MASM FOR FUN - REBORN - #0 Extract low order bytes from dwords

frktons · November 25, 2012, 02:48:06 AM

Hi everybody.

It has been a long time since the last MASM FOR FUN adventure.

Time to be back?

I hope so, at least for a while.

Let's start with a question.

I have a buffer of 4096 consecutive dword, and I'd like to extract the low byte of each dword
and put it in a second buffer.

The operation in itself is not that difficult, but I'd like to do it with SIMD instructions, just to
have a little bit fun and discover some SSE2/SSE3 instructions.
With SIMD instructions I can work with 8/16 bytes at a time, speeding up the process as well.

I had a look at Intel manuals, but [as n00bist do] I didn't find any suitable SIMD OPCODE.

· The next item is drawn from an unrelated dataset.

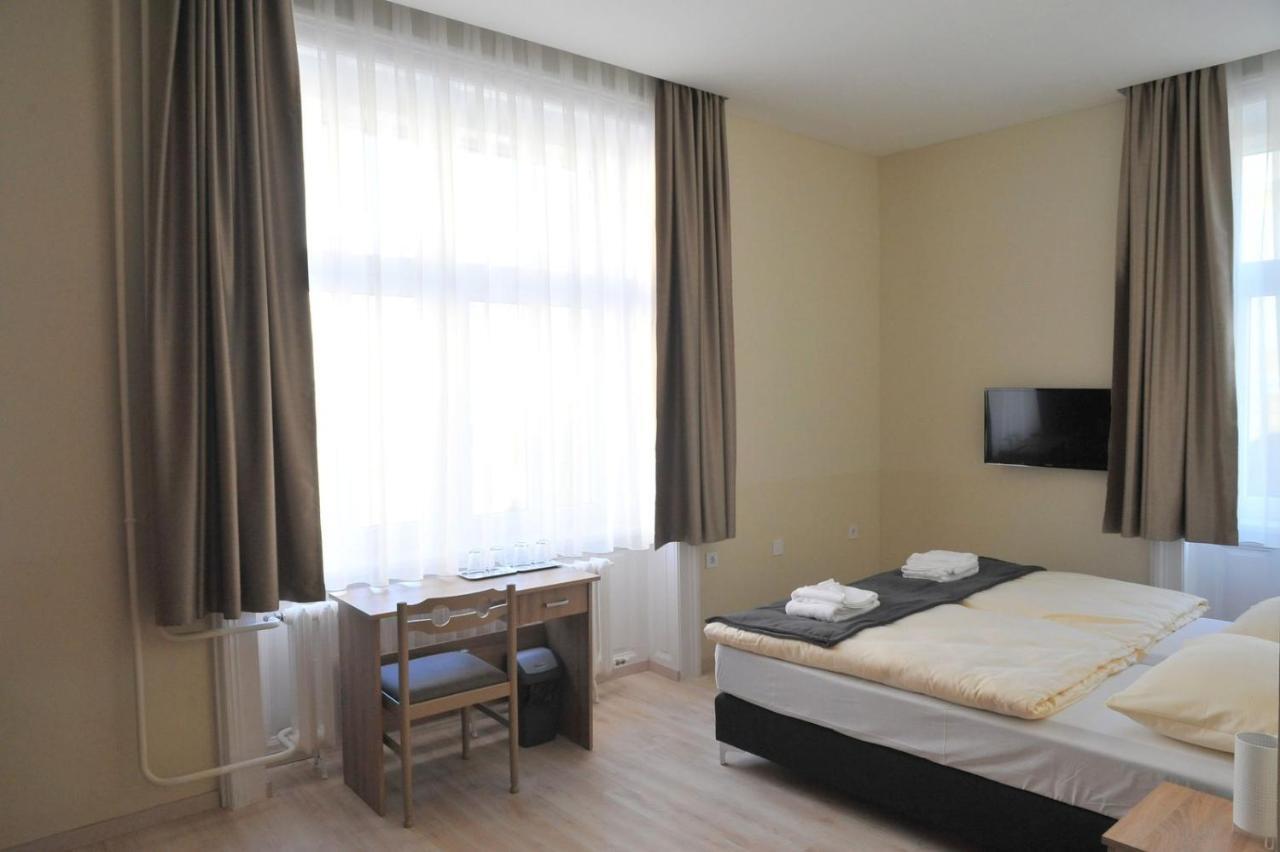 Hotel Piros Arany Panzio Kalocsa Zewnętrze zdjęcie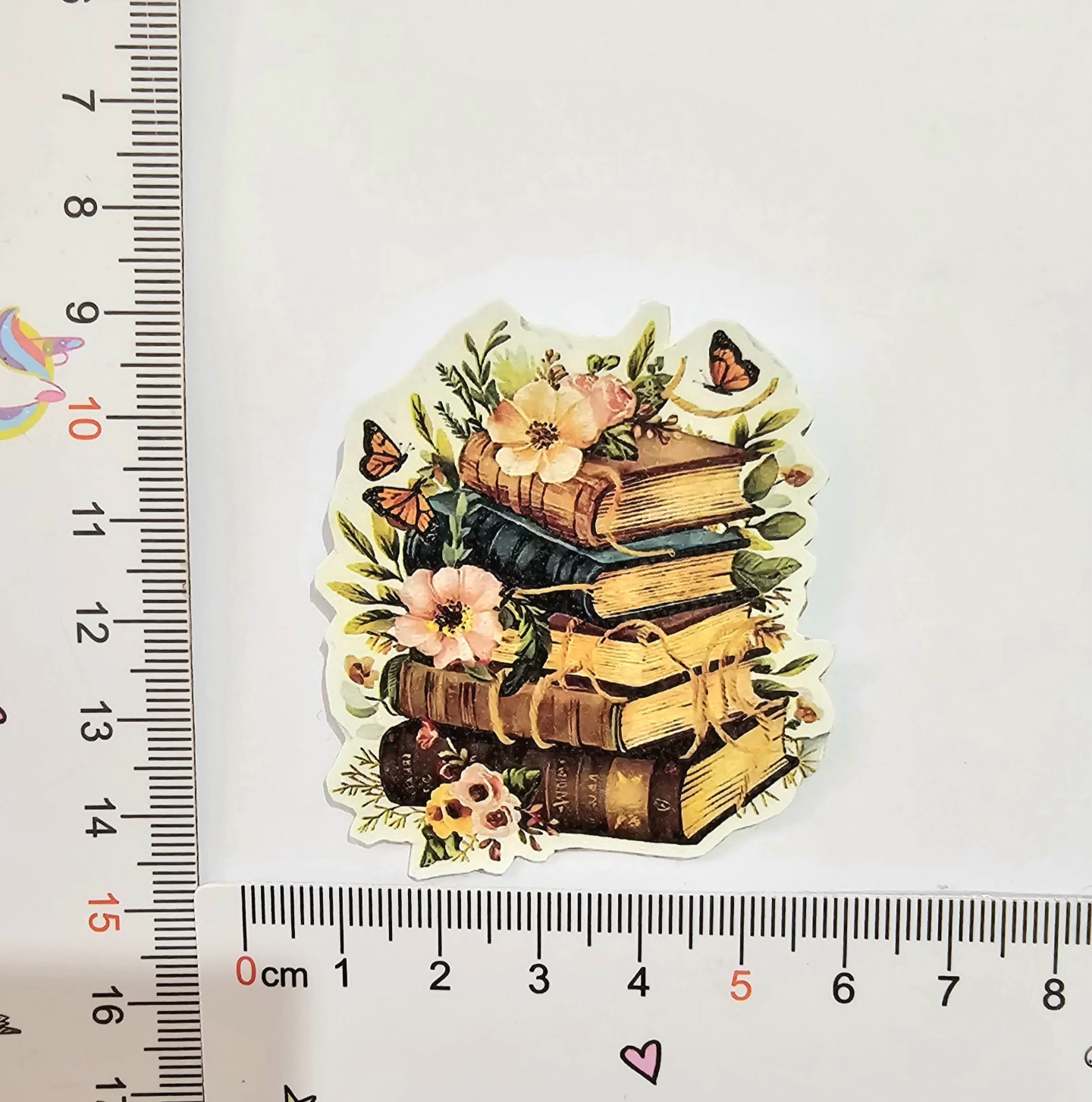 استیکر ضدآب طرح کتاب از مجموعه استیکرهای برنامه روزانه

Anybody has gone through this problem and found an SSE2/SSE3 solution?

In pseudocode:

Code Select


xmm0 = XFDC GFTI DEWA HYTO
pckwhat? eax, xmm0,  n

And we have CIAO in eax.

CIAO

Magnum · November 25, 2012, 03:05:34 AM

Great to see you back.

frktons · November 25, 2012, 04:06:39 AM

Quote from: Magnum on November 25, 2012, 03:05:34 AM
Great to see you back.

Thanks, it's good to be back.

With the old instructions I get:

Code Select


Intel(R) Pentium(R) 4 CPU 3.20GHz (SSE3)
28098   cycles for MOV DL

28009   cycles for MOV DL


--- ok ---

Attached the source and exe.

Frank

Magnum · November 25, 2012, 04:18:08 AM

Intel(R) Core(TM)2 Duo CPU P8600 @ 2.40GHz (SSE4)
8127 cycles for MOV DL

8372 cycles for MOV DL

Does having an extra core really make that much difference ?

Andy

frktons · November 25, 2012, 04:29:02 AM

Quote from: Magnum on November 25, 2012, 04:18:08 AM
Intel(R) Core(TM)2 Duo CPU P8600 @ 2.40GHz (SSE4)
8127 cycles for MOV DL

8372 cycles for MOV DL

Does having an extra core really make that much difference ?

Andy

Well, the processor you are using is about 5 years younger, and
it means it runs faster then the old one I'm using.
RAM clock, data bus, cache memory... there are many things that speed up things, indeed.

Frank

frktons · November 25, 2012, 04:56:19 AM

I'm not sure if a single SIMD OPCODE is able to accomplish the task, but
probably more than one could do it:

if I have four xmm registers with the dword read from the dword buffer

Code Select



    movd      xmm0,  [ebx]
    movd      xmm1,  [ebx + 4]    
    movd      xmm2,  [ebx + 8]  
    movd      xmm3,  [ebx + 12]

interleaving the bytes of the xmm registers and leaving out the bytes not
used should be possible.

While I wait for some suggestions, I carry on thinking and reading :icon_rolleyes:

Frank

CommonTater · November 25, 2012, 06:20:01 AM

Quote from: Magnum on November 25, 2012, 04:18:08 AM
Intel(R) Core(TM)2 Duo CPU P8600 @ 2.40GHz (SSE4)
8127 cycles for MOV DL

8372 cycles for MOV DL

Does having an extra core really make that much difference ?

Andy

Hi Andy...
Multicore will perform better on an OS like Windows that is multi-tasking as some processes are assigned to each core, permitting much better multitasking than on single core machines.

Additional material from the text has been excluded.